Tile-Based Texture Mapping on Graphics Hardware

Li-Yi Wei

SIGGRAPH/EUROGRAPHICS Conference on Graphics Hardware, 2004.

Abstract:

Texture mapping has been a fundamental feature for commodity graphics hardware. However, a key challenge for texture mapping is how to store and manage large textures on graphics processors. In this paper, we present a tile-based texture mapping algorithm by which we only have to physically store a small set of texture tiles instead of a large texture. Our algorithm generates an arbitrarily large and non-periodic virtual texture map from the small set of stored texture tiles. Because we only have to store a small set of tiles, it minimizes the storage requirement to a small constant, regardless of the size of the virtual texture. In addition, the tiles are generated and packed into a single texture map, so that the hardware filtering of this packed texture map corresponds directly to the filtering of the virtual texture. We implement our algorithm as a fragment program, and demonstrate performance on latest graphics processors.

Available information:

Notes and Hindsights:

Analysis of mipmap filtering correctness
The filtering quality of our algorithm at lower resolution mipmap levels depends on how the tiles are constructed. Imagine a pathologic case where 2 adjacent tiles are colored red and green with a 1-texel boundary in white. Since the boundary is continuous by definition, this would fit our tiling scheme. However, the filtering is obviously incorrect except at the finest mipmap level. So, the correctness of our mipmap filtering depends on how many layers of texels are continuous at tile borders. Fortunately, if you construct the tiles by quilting 4 diamond-shaped images as described in the original Wang Tiles SIGGRAPH 2003 paper, then the pattern would be sufficiently continuous for our approach.

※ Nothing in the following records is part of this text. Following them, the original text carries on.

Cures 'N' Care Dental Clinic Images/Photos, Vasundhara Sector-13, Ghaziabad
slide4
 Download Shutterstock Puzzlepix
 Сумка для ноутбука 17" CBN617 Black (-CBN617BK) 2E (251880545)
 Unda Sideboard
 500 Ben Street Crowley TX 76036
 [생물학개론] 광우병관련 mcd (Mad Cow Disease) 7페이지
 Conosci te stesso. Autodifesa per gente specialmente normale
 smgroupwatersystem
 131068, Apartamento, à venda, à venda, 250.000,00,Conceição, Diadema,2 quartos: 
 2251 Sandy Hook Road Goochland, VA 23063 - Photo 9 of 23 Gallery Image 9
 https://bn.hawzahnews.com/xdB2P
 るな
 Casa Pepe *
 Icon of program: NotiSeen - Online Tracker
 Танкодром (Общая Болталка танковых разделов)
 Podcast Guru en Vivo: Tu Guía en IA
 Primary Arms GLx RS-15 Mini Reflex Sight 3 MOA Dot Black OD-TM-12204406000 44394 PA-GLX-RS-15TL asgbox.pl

Another incorrectness of our mipmap filtering is that we cannot build the mipmap all the way to the lowest resolution for the output virtual texture, since the lowest resolution mipmap level is determined by the input packing. This means that below the lowest resolution of the input packing, the mipmap filtering of the output is incorrect.

Both issues are not visible for practical situations, considering that most textures reduce to semi-noisy homogeneous void at lower resolutions. Theoretically, as Hughes Hoppe suggested, only a modification of texture coordinates (as in Purnomo et al) is able to achieve correct mipmapping.

Thanks Hughes Hoppe for pointing this out.